Burial ground, Beheens, Co. Kerry
Co. Kerry |
Burial Grounds
In the townland of Beheens, a low earthen bank curves through farmland in a shape that most passing eyes would take for a natural rise in the ground.
It is almost certainly something else entirely: an ancient burial ground, possibly the same site that the folklorist and scholar Caoimhín Ó Danachair noted in 1958 as lying near a holy well known as Tobar Uí Leidhin, a name that translates roughly as the well of the Ó Leidhin family or sept. The association between burial grounds and holy wells is common in early Irish tradition, the two often forming a paired sacred landscape whose origins can be difficult to date and harder still to untangle.

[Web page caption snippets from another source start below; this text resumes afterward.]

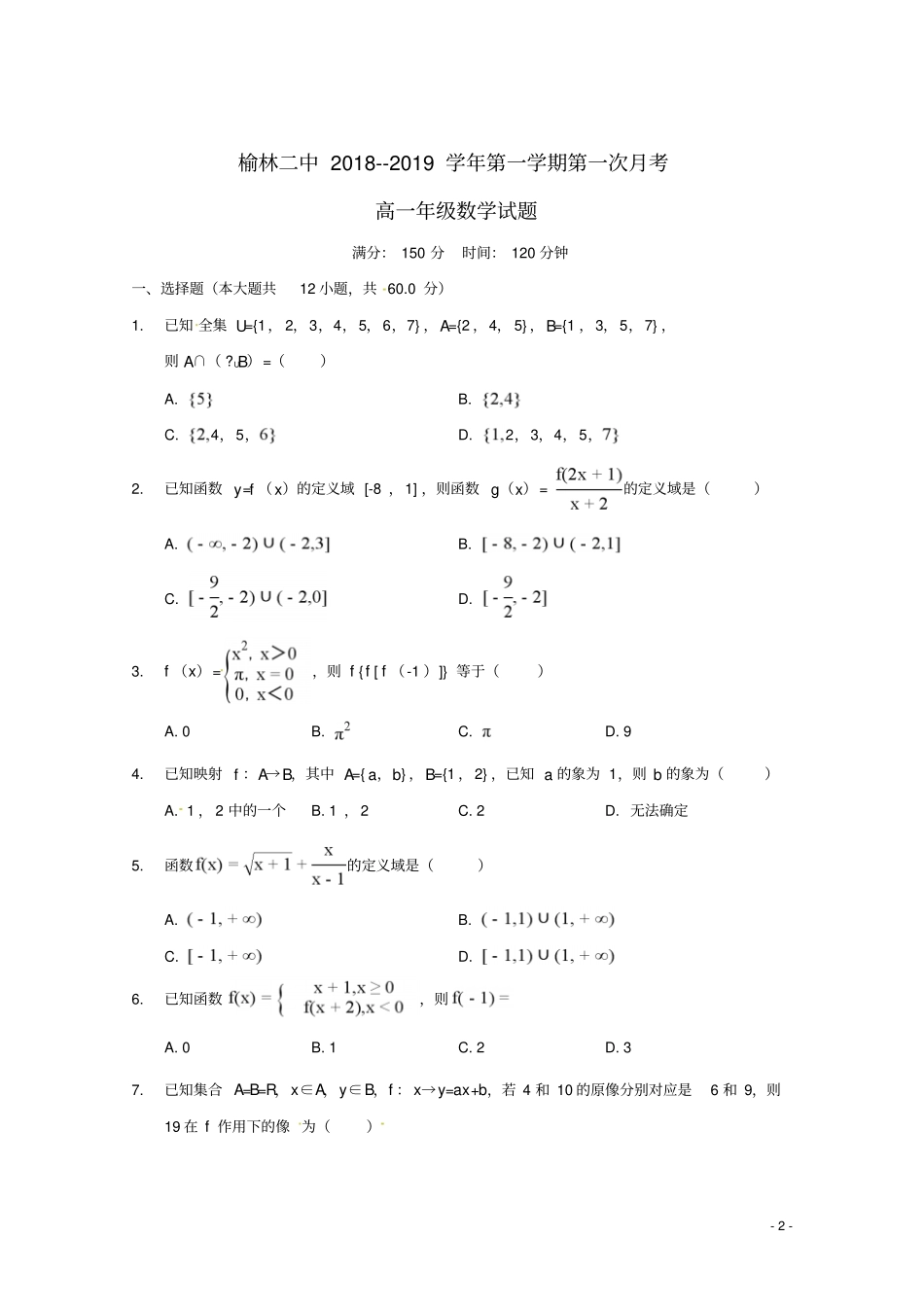 陕西榆林第二中学2018_2019学年高一数学上学期第一次月考试题_第2页
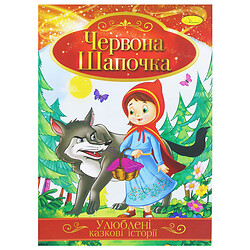 Книга "Улюблені казкові історії: Червона шапочка" (укр), Апельсин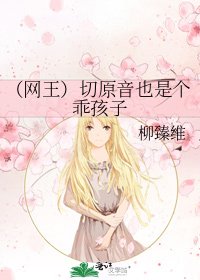 《(網王)切原音也是個乖孩子》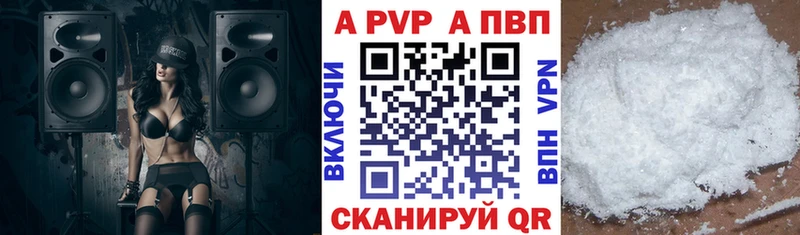 Что такое Осташков АМФЕТАМИН Вейп ТГК блэк спрут сайт Кокаин СК ГАШИШ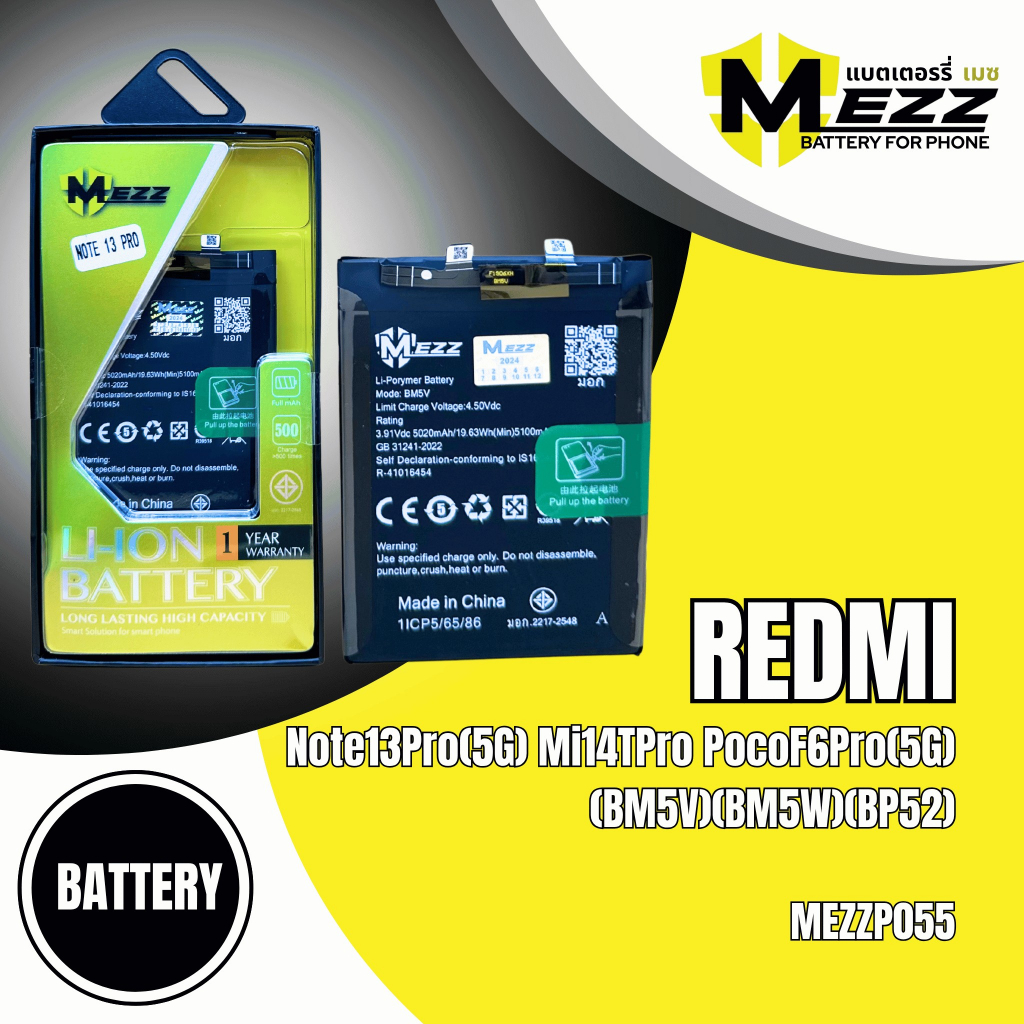 แบตเตอรี่ สำหรับ XIAOMI Redmi Note13Pro(5G)/Mi14TPro/PocoF6Pro(5G) (BM5V)(BM5W)(BP52)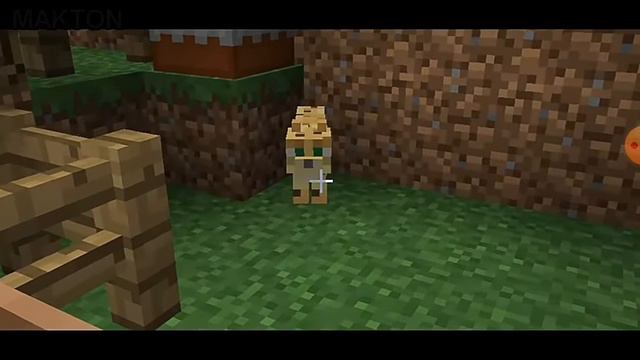 Тигробыль | Замедление 0,5х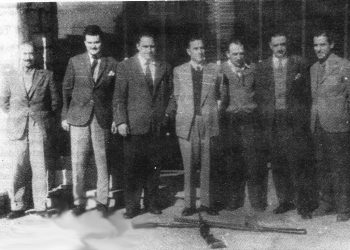 Apuntes de un Pasado Imborrable: “Las Encadenadas”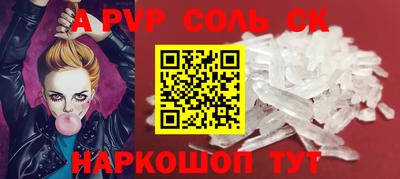 ПСИЛОЦИБИНОВЫЕ ГРИБЫ Комсомольск-на-Амуре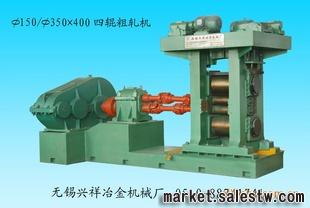 四輥連軋機批發・進口・工廠・代買・代購
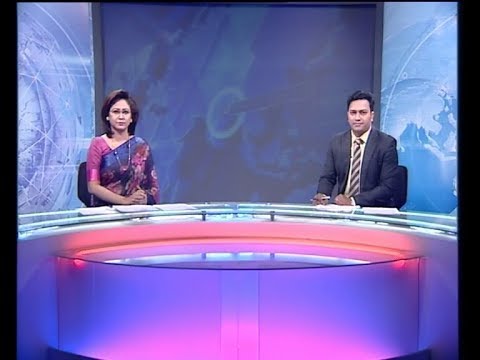 সন্ধ্যা ৭টার সংবাদ, ১৩ অক্টোবর ২০১৯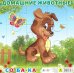 Пазл. Домашние животные. Собака, 9 элементов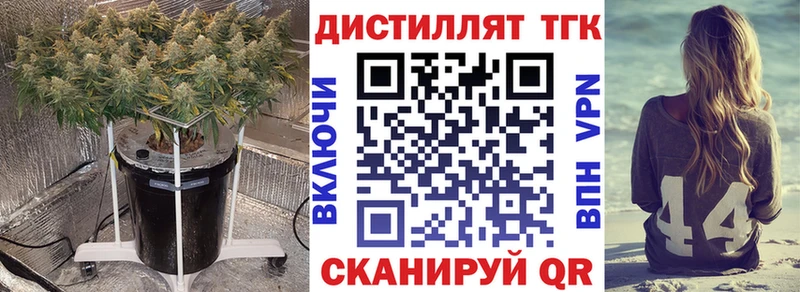 Дистиллят ТГК THC oil Богородицк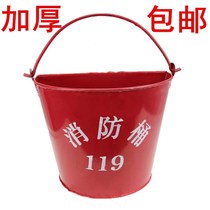 Fire sand bucket Semi-circular bucket thickened fire bucket Fire equipment fire bucket Large fire bucket Yellow sand baking paint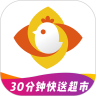 爱上生活 30 分钟快送超市鸿蒙版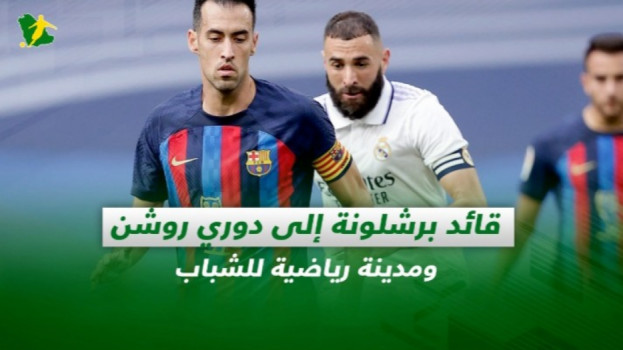 صحف السعودية| قائد برشلونة إلى دوري روشن ومدينة رياضية للشباب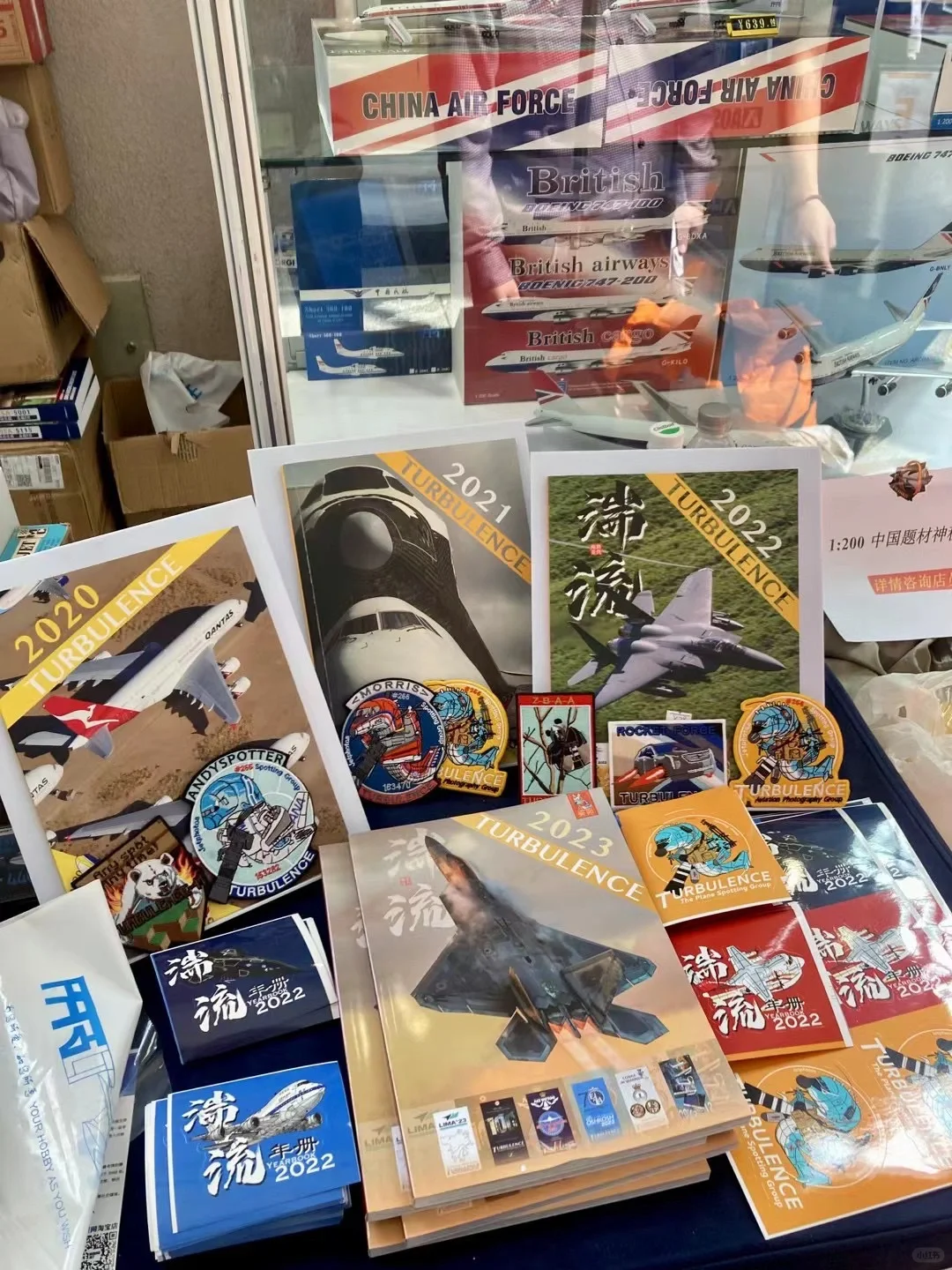 北京模型展——2024，圆满收官！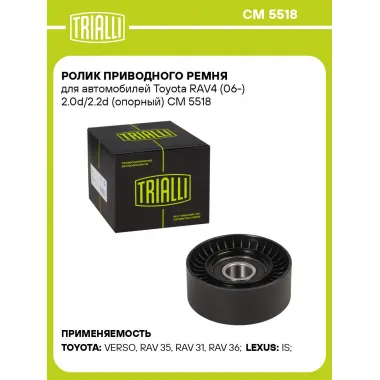 Ролик приводного ремня для автомобилей Toyota RAV4 (06-) 2.0d/2.2d (опорный) CM 5518 TRIALLI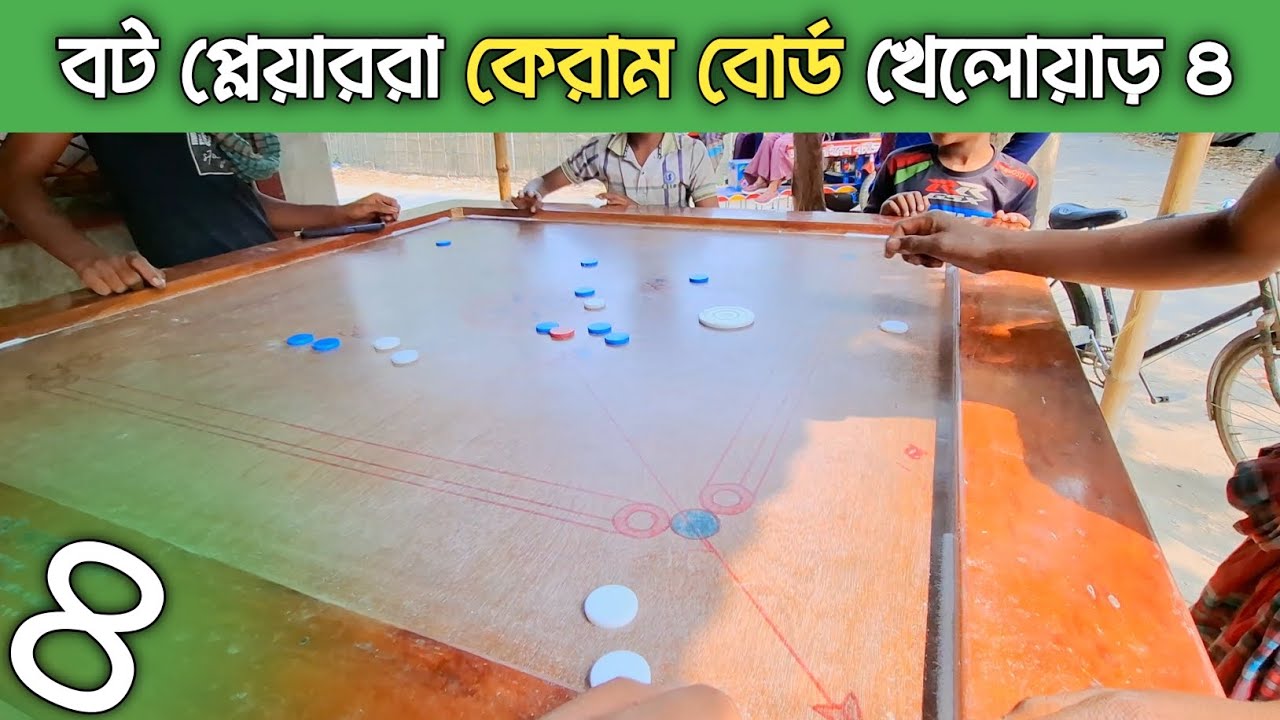 বট প্লেয়াররা কেরাম বোর্ড খেলোয়াড় ৪ | গ্রামের ছেলেরা কেরাম বোর্ড খেলছে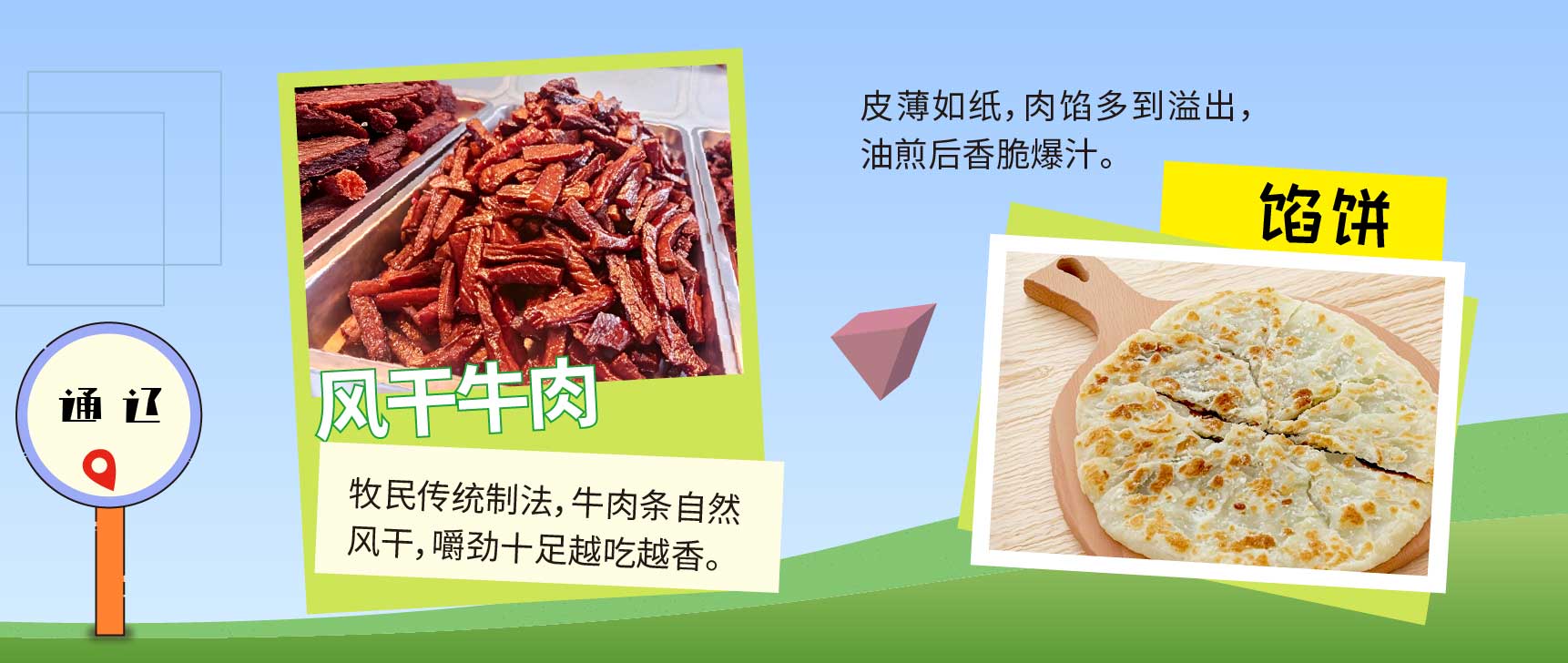 2吃微信图片_20250427103208-恢复的_06.jpg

What survives today is considerably reduced. A fieldbank running in a north-west to south-east direction cuts directly through the site, which has been much levelled over time. Even so, the underlying geometry remains readable. A sub-circular earthen bank, roughly eight metres wide at its base and rising between sixty and eighty centimetres on its outer face, defines the outer edge. Inside that, a semi-circular enclosure faces north-north-east, measuring ten metres north to south and twelve metres east to west internally. The overall interior of the site spans some fifty-four metres north to south and forty metres east to west, dimensions that suggest this was once a substantial enclosed space rather than a modest field monument. These kinds of enclosures, often called cashels or raths depending on their construction material, were sometimes adapted or repurposed as burial grounds in early Christian and medieval periods, their pre-existing boundaries lending a sense of sacred separation from the ordinary working landscape.